March 9, 2022 7.00 pm

Man who fatally stabbed Sam Davies tried to attack co-defendant in court

Gochman went for Kesel and had to be restrained by “four or five” officers

The Sam Davies murder trial has been told that the man who stabbed him tried to attack a co-defendant in a courtroom.

Eimantas Gochman, 20, went for Eric Kesel and had to be restrained by “four or five” dock officers, the jury at Nottingham Crown Court heard on Wednesday, March 9.

It happened during a court appearance on December 3 last year, before the trial began in January.

Sam Davies, 23, was killed in a stabbing at Coleridge Gardens in Lincoln. | Photo: Lincolnshire Police

Allison Summers QC, for Kesel, suggested to Gochman that it was because Kesel had “snitched” on him.

“You got up out of your seat and you went to assault Eric Kesel, didn’t you?” she said.

“Yes,” replied Gochman. “I think that just shows how emotional I felt. I just couldn’t hold it in.”

“It shows how angry you were, doesn’t it?” Ms Summers asked.

Gochman said: “Yeah, because of how many false things he said about me in the interviews. I knew what everyone’s thinking when they’re reading the interviews and imagining me to be like. I’m completely the opposite.”

In his evidence-in-chief on Tuesday, Gochman admitted stabbing 23-year-old Mr Davies in a Lincoln park on May 27 last year. He claimed he had only intended to beat up the victim; that the wounding was accidental and done in self-defence when Mr Davies repeatedly came at him with a knife.

Gochman had told the jury that Kesel – a friend who happened to be in the park and had no knowledge of the planned attack – then came up behind Mr Davies and pushed him, sending him to his hands and knees.

Gochman said he immediately ran off up Browning Drive, followed by Kesel who handed him a phone after they met up outside Kesel’s house. 

Ms Summers put it to Gochman that Kesel did not push Mr Davies and did not pick up what turned out to be the victim’s phone.

She said: “The reason you waited for Eric Kesel was to make it clear to him that he was to keep his mouth shut about what you had just done.”

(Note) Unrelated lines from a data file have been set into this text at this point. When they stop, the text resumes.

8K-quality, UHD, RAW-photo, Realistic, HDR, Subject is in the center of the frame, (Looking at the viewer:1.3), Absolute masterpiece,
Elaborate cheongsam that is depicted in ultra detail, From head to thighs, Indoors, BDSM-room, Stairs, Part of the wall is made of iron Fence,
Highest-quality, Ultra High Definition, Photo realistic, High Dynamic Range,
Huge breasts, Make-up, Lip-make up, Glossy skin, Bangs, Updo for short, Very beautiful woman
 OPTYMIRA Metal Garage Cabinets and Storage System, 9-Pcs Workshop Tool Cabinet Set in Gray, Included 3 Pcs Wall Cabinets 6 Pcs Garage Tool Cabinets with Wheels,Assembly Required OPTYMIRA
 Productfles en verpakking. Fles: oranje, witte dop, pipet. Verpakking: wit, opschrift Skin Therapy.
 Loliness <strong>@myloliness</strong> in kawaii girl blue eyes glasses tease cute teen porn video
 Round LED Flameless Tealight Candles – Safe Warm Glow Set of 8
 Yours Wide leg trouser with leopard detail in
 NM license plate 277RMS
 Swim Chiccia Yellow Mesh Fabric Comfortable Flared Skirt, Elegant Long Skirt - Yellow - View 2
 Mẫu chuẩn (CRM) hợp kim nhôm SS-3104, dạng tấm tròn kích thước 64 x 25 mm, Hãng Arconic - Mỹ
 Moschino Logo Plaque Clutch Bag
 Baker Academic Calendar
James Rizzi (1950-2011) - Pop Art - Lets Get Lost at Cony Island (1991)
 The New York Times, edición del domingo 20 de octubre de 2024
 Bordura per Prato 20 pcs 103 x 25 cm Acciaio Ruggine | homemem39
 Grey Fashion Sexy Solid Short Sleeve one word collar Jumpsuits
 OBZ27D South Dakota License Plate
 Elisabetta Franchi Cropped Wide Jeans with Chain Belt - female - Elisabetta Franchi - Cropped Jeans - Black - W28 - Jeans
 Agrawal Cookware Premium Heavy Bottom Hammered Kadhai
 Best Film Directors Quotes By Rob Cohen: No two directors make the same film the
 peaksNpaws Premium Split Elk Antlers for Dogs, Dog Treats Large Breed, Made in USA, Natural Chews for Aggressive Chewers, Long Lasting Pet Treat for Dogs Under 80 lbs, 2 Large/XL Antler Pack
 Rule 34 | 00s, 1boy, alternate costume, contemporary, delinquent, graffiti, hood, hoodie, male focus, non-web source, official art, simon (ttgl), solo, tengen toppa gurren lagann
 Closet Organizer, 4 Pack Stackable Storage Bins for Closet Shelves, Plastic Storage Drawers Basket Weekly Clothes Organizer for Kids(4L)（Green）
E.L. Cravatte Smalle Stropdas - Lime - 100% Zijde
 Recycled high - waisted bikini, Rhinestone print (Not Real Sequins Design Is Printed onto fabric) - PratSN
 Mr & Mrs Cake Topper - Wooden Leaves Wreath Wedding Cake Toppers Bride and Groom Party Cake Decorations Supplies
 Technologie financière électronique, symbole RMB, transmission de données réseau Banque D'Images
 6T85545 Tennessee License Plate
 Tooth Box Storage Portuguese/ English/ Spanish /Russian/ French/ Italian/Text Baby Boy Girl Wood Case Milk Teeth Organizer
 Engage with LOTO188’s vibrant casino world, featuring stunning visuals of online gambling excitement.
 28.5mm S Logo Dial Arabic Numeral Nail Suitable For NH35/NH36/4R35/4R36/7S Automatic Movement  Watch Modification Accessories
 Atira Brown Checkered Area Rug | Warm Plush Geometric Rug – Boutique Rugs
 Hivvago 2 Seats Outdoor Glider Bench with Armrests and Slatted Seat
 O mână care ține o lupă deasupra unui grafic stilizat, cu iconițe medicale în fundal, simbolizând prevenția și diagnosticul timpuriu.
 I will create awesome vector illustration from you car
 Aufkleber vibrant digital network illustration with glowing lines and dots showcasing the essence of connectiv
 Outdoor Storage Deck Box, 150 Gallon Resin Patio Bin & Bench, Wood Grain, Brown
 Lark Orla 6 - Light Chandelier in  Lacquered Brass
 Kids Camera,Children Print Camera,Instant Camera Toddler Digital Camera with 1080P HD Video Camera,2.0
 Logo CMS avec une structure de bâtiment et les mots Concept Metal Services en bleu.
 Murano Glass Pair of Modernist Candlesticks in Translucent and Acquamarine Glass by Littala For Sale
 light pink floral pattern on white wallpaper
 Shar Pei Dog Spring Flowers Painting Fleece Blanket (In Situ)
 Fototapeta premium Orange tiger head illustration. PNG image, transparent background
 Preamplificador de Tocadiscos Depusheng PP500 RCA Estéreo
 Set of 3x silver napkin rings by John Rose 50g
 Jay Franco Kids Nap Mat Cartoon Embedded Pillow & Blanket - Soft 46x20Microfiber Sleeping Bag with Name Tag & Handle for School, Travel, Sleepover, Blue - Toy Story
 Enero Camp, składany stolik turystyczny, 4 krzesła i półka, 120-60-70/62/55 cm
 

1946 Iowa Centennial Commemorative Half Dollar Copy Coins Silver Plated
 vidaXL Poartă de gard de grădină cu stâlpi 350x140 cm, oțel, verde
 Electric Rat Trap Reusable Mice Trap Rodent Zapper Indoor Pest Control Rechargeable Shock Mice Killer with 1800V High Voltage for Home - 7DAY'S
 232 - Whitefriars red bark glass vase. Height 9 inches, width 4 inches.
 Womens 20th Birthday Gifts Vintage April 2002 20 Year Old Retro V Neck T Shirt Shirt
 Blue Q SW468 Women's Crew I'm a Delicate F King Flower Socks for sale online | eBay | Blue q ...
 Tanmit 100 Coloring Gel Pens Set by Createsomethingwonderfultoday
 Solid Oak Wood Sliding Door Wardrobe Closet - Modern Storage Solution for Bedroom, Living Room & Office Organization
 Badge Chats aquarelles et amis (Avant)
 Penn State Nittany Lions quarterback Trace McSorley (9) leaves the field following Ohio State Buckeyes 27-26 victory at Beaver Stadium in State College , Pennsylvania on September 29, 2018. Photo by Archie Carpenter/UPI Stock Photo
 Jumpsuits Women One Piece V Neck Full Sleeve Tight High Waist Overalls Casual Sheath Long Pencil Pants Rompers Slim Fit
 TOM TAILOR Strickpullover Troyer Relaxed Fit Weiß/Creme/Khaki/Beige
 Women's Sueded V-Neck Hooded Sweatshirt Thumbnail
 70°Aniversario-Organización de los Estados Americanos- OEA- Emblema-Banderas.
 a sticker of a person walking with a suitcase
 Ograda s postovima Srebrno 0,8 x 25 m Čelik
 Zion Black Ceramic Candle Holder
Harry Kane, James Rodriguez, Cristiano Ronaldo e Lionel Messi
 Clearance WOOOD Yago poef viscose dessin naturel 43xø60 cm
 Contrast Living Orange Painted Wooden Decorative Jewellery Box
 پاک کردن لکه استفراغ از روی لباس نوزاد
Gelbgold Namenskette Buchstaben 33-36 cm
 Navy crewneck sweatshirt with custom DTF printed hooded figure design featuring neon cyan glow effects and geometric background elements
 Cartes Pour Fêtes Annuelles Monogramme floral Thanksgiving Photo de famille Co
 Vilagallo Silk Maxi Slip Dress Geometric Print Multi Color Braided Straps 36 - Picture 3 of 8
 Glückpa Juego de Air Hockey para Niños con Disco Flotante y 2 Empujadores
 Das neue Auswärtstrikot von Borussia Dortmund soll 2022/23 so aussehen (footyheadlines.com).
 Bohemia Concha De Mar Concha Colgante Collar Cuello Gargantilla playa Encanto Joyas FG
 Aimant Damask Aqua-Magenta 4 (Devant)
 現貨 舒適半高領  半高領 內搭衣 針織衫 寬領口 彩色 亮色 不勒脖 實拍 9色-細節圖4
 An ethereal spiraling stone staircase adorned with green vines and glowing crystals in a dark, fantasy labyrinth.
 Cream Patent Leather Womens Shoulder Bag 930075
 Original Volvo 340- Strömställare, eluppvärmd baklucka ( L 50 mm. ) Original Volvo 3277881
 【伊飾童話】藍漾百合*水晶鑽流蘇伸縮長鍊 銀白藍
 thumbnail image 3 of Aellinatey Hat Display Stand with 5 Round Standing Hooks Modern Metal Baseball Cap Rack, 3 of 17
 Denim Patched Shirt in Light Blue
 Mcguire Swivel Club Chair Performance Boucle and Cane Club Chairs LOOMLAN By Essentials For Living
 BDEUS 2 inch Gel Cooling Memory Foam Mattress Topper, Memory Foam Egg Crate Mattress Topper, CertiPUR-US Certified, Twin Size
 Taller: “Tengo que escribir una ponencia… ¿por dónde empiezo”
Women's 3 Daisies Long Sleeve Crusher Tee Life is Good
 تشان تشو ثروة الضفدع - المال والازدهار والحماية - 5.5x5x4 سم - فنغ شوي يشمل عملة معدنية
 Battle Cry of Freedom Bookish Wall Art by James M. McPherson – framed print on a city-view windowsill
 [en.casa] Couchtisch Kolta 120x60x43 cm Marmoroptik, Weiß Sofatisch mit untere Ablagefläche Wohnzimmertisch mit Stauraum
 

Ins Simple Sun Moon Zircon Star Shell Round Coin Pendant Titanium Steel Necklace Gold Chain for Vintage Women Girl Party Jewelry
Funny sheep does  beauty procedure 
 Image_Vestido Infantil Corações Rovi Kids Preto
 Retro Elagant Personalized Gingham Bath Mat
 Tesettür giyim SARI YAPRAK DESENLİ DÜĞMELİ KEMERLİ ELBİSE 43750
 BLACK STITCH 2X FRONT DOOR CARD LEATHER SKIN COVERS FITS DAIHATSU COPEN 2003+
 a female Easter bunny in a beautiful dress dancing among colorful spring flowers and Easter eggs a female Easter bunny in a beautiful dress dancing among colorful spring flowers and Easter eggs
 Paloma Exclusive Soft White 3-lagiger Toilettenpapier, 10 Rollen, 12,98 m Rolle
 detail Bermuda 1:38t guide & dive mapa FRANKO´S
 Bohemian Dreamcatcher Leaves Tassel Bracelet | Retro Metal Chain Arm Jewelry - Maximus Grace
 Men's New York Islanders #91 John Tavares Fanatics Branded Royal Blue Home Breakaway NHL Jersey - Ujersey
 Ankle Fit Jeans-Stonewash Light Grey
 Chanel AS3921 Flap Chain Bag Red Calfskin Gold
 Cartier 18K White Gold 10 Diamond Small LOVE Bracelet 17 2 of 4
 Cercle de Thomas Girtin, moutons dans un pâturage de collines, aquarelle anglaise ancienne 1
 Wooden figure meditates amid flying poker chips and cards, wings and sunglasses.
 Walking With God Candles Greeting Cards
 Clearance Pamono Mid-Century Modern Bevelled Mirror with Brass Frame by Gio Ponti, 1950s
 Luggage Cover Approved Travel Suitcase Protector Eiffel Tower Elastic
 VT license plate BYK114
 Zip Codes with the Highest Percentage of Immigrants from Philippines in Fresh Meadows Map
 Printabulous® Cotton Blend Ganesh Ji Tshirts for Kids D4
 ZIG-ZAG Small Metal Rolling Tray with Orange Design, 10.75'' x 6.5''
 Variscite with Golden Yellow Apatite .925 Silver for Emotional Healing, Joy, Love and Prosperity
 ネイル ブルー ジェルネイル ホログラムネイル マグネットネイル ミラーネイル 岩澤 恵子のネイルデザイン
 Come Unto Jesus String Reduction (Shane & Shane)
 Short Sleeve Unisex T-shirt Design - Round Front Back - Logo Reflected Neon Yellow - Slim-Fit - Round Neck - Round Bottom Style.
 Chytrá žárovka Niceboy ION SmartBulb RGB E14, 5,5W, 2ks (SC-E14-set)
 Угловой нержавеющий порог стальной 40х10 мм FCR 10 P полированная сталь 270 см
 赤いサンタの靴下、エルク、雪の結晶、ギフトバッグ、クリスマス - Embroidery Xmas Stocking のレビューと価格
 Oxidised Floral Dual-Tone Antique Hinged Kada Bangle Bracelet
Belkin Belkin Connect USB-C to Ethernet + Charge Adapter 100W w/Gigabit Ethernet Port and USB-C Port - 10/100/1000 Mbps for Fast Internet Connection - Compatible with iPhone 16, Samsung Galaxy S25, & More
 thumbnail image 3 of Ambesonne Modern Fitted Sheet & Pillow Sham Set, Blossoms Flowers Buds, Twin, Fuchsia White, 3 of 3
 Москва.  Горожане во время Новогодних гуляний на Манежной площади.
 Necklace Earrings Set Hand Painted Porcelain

“No, because he didn’t really witness it,” said Gochman. “He wasn’t there in the alleyway when it happened.”

Ms Summers said: “’Keep your f***ing mouth shut’ or words to that effect is what you said.”

Gochman denied that and said he would put his life on the fact that Kesel’s fingerprints would be on Mr Davies’ phone, which was later found with the knife in the grounds of Cathedral View Court in Cabourne Avenue.

He also told the jury that he didn’t realise Mr Davies had been stabbed twice.

Ms Summers said of the incident: “You said that you felt pressure on your hand and it was ‘as if someone pushed it against me’.

“You’re not suggesting that Sam Davies somehow accidentally pushed himself on to your knife are you?”

Gochman said: “I didn’t say he accidentally pushed himself on to it.

“The movements of us both, it was so fast, so dark.

“He was leaping towards me. He’s six foot, I’m six foot five so he was aiming higher. Maybe that’s how it happened.”

Ms Summers said that would account for one of the wounds.

“That’s all I thought happened,” said the defendant. ”I only found out in this trial and investigation that he’d been stabbed twice.”

He added: “I only felt that pressure one time.”

Meanwhile, under cross-examination by Karim Khalil QC representing co-defendant Joe Jameson, Gochman admitted that he lied to police in interview to “distance himself” from events on the day in question.

And barrister Andrew Campbell-Tiech, representing a 17-year-old co-defendant who cannot be named, said: “You told us [the boy] had absolutely nothing to do with anything that concerns the jury. And that’s true, isn’t it?”

“Yes, absolutely nothing,” said Gochman.

Mr Campbell-Tiech said: “[The youth] told police that Charlie Wakefield had given you gloves [just prior to the attack].”

“I know. He didn’t,” replied Gochman.

“Can you think of a reason why he would make that up?” asked the barrister.

“Maybe because he was on drugs,” was the reply.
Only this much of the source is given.